En la entrada, los cinco hombres se agrupaban entre los dos SUV. Uno de ellos, un tipo con unas enormes patillas y un rostro atezado, se acercó a la cámara y comenzó a hablar.

—[¡Eh! ¡Los de ahí dentro!] —llegó el gritó amortiguado de alguien desde fuera del muro. Adriana hizo un click y les llego el audio del interfono de la puerta—. [Sólo queremos a Adriana Fresneda. Si la entregáis será muy lucrativo para vosotros. Os pagaremos el triple de lo que os paga ella.]

Adriana se volvió de inmediato hacia ellos, echando mano de la pistola en su cinturilla y apuntando nerviosa a los tres. Jubal y Darío desenfundaron y apuntaron por puro reflejo.

Isobel, sin embargo, levantó las manos.

—[Baja el arma, Adriana. No vamos a entregarte] —le aseguró.
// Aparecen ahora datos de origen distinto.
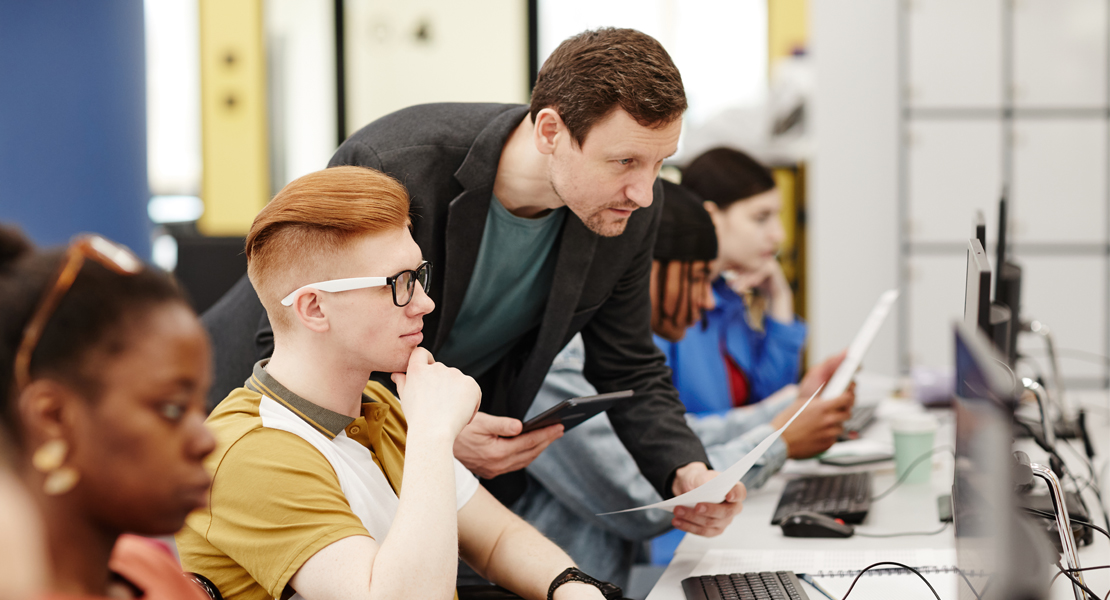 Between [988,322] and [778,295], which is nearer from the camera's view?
[988,322]

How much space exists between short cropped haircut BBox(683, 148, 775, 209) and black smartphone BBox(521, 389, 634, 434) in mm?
1331

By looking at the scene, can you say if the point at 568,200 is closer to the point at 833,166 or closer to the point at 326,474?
the point at 326,474

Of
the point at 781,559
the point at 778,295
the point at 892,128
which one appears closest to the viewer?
the point at 781,559

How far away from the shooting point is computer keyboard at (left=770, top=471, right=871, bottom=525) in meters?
1.54

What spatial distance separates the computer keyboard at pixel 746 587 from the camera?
1.15m

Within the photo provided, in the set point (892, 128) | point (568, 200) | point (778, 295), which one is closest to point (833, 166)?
point (892, 128)

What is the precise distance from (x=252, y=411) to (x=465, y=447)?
1.38 feet

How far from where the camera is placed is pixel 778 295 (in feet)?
9.19

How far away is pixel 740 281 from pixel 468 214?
4.74 ft

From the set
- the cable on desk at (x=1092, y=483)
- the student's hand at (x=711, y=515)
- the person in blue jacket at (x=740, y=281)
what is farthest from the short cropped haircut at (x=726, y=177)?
the student's hand at (x=711, y=515)

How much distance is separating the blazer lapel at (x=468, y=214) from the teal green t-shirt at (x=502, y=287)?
0.04m

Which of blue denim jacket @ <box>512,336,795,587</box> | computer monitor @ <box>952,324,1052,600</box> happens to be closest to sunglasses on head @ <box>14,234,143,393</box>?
computer monitor @ <box>952,324,1052,600</box>

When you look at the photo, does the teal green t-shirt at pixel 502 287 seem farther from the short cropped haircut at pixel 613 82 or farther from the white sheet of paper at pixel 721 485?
the white sheet of paper at pixel 721 485

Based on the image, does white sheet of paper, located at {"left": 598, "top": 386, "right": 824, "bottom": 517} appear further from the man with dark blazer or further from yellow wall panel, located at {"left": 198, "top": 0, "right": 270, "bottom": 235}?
yellow wall panel, located at {"left": 198, "top": 0, "right": 270, "bottom": 235} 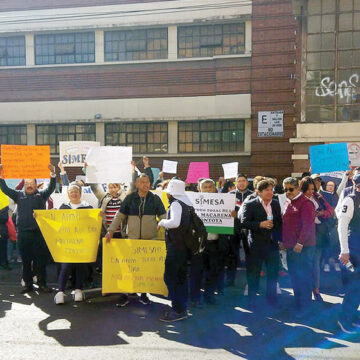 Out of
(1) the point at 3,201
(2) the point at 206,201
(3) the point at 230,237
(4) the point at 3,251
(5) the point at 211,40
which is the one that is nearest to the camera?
(2) the point at 206,201

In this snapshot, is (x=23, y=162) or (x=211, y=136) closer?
(x=23, y=162)

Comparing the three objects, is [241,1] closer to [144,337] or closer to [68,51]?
[68,51]

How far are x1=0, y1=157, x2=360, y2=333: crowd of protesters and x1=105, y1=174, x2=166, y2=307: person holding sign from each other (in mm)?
14

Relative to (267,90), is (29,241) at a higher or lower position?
lower

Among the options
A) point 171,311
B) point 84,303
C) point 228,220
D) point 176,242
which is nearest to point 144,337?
point 171,311

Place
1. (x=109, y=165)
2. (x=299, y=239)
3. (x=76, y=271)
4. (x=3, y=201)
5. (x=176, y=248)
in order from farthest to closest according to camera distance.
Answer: (x=3, y=201), (x=109, y=165), (x=76, y=271), (x=299, y=239), (x=176, y=248)

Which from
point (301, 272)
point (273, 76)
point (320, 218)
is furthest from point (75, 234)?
point (273, 76)

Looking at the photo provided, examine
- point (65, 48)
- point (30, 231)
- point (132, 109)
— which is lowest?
point (30, 231)

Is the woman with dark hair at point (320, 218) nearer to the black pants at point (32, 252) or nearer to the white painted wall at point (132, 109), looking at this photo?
the black pants at point (32, 252)

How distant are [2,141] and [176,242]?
1726 cm

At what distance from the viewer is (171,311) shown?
5.94 m

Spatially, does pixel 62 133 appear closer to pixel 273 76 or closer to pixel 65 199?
pixel 273 76

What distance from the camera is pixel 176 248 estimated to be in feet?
18.9

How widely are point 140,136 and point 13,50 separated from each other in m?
7.06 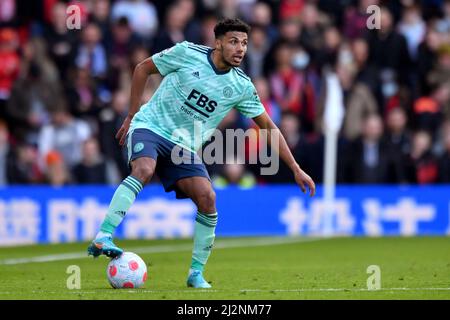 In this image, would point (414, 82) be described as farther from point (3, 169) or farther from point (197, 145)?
point (197, 145)

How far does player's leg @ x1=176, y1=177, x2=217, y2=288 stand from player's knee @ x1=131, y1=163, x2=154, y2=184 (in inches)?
18.2

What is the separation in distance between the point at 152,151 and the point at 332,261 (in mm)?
4617

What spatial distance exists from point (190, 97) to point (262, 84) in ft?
31.4

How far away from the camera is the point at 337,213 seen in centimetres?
1989

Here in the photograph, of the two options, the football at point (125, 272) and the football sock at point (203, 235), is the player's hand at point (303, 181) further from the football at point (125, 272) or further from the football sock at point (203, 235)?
the football at point (125, 272)

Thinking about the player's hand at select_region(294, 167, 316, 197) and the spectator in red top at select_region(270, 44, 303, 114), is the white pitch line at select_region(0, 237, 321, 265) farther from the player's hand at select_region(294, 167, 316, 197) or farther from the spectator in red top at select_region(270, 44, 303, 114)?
the player's hand at select_region(294, 167, 316, 197)

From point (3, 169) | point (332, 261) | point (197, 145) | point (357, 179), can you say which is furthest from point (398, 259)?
point (3, 169)

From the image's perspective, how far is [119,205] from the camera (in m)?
9.84

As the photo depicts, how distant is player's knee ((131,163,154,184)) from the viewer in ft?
32.7

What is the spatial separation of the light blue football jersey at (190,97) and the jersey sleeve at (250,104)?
45 mm

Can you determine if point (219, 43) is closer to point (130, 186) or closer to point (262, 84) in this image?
point (130, 186)

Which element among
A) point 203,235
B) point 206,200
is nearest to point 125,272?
point 203,235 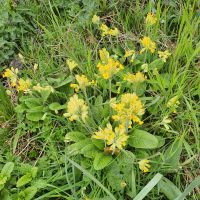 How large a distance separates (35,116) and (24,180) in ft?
1.20

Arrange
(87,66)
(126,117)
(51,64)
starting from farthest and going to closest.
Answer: (51,64), (87,66), (126,117)

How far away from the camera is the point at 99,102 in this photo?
82.4 inches

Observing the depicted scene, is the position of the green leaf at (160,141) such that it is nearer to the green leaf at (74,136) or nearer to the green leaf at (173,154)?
the green leaf at (173,154)

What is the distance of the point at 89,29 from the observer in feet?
8.20

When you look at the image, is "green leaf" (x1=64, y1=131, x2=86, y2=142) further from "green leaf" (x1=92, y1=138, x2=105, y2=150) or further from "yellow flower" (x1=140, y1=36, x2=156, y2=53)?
"yellow flower" (x1=140, y1=36, x2=156, y2=53)

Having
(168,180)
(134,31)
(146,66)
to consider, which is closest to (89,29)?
(134,31)

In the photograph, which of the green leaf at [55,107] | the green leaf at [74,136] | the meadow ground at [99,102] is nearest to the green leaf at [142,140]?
the meadow ground at [99,102]

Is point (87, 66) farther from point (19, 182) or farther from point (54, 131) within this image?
point (19, 182)

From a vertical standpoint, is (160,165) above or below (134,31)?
below

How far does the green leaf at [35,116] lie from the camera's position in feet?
7.00

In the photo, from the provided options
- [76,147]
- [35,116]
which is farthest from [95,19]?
[76,147]

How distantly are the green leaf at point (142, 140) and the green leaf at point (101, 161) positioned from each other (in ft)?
0.45

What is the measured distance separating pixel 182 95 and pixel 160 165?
39 cm

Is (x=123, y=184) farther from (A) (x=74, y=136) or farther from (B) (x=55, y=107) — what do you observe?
(B) (x=55, y=107) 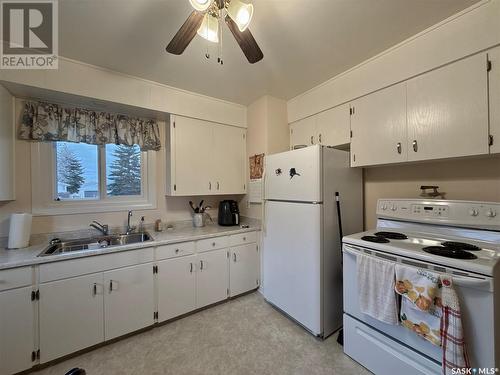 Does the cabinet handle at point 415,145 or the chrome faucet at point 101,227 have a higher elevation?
the cabinet handle at point 415,145

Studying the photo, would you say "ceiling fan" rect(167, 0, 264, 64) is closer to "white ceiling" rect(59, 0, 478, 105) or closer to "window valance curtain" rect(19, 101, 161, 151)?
"white ceiling" rect(59, 0, 478, 105)

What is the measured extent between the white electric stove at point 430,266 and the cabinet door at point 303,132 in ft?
3.55

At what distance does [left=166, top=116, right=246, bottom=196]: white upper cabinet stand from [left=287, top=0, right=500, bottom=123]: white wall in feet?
4.07

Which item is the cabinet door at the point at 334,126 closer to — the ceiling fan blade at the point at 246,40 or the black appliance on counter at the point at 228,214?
the ceiling fan blade at the point at 246,40

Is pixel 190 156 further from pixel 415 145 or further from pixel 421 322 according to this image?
pixel 421 322

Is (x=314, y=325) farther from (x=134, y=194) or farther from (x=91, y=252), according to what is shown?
(x=134, y=194)

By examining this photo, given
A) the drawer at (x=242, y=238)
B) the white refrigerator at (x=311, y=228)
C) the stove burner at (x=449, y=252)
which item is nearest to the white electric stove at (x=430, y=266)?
the stove burner at (x=449, y=252)

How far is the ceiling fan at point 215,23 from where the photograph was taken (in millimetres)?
1104

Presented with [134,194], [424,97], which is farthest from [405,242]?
[134,194]

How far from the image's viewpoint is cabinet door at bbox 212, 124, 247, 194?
109 inches

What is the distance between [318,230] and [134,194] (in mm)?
2162

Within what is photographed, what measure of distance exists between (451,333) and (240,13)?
6.44 ft

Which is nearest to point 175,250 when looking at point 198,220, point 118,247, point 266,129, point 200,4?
point 118,247

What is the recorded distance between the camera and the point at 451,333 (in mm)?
1048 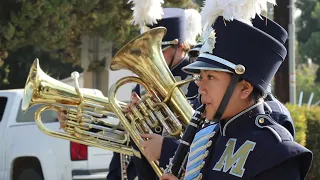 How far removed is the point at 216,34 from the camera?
3.03 metres

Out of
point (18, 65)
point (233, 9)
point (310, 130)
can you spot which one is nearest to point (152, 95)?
point (233, 9)

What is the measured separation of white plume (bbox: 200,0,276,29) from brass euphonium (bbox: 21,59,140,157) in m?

El estómago se le retorció porque una vocecilla dentro de ella apuntó: no, a ellos no...

Truenos sonaron ominosos en la lejanía.

Como demostración, Darío enfundó su arma, se acercó al escritorio y activó el micro.

—[Somos tres agentes de la ley, pendejo, y hay refuerzos en camino] —dijo a modo de respuesta.

Se produjo una pausa. Adriana se relajó un poco y bajó su arma, Jubal imitó el gesto, dejando de apuntarla pero sin quitarle ojo.

—[Es mejor ser agentes de la ley vivos que miran a otro lado que agentes muertos. Si os quitáis de en medio, os perdonaremos la vida] —replicó la voz desde al otro lado del altavoz.

Darío no se dignó ni a contestar a eso.

—[Será mejor que os marchéis antes de que lleguen nuestros refuerzos.]

—[¡No os conviene enemistaros con El Patrón, hijos de la chingada!]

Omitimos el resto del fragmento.